Con l’arrivo dell’uomo bianco e del suo Cristianesimo Nwoye fuggirà quindi da un dogmatismo all’altro, desideroso solo di lasciarsi alle spalle la figura ingombrante e imperiosa di suo padre, e come lui molti altri.

La tragedia silenziosa e affilata di questo romanzo lascia chi lo legge con molte conoscenze in più e molte certezze in meno, una sola rimane su tutte: non esistono culture migliori o peggiori di altre e nessuno può arrogarsi il diritto di insegnare a vivere.

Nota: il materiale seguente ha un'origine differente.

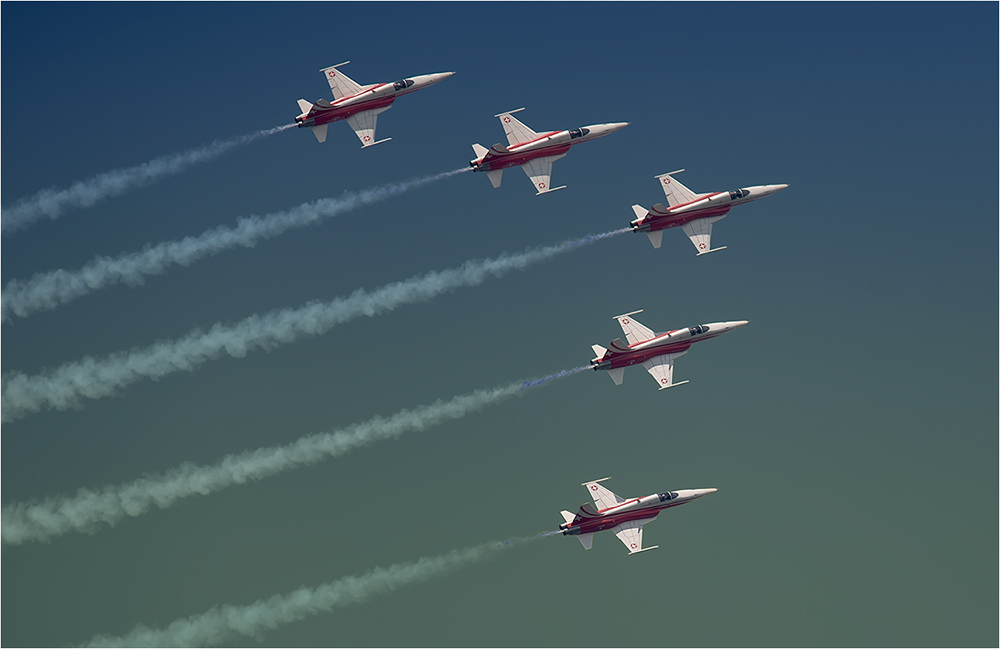 Patrouille Suisse / Flugschau Dittingen 2013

Sono in corso di pubblicazione per La nave di Teseo i due volumi che concludono la trilogia di Achebe iniziata con Le cose crollano, in una nuova traduzione. Non possiamo che augurarci che sempre più case editrici seguano l’esempio e ci permettano di assaporare storie e tradizioni sempre più remote rispetto alle nostre.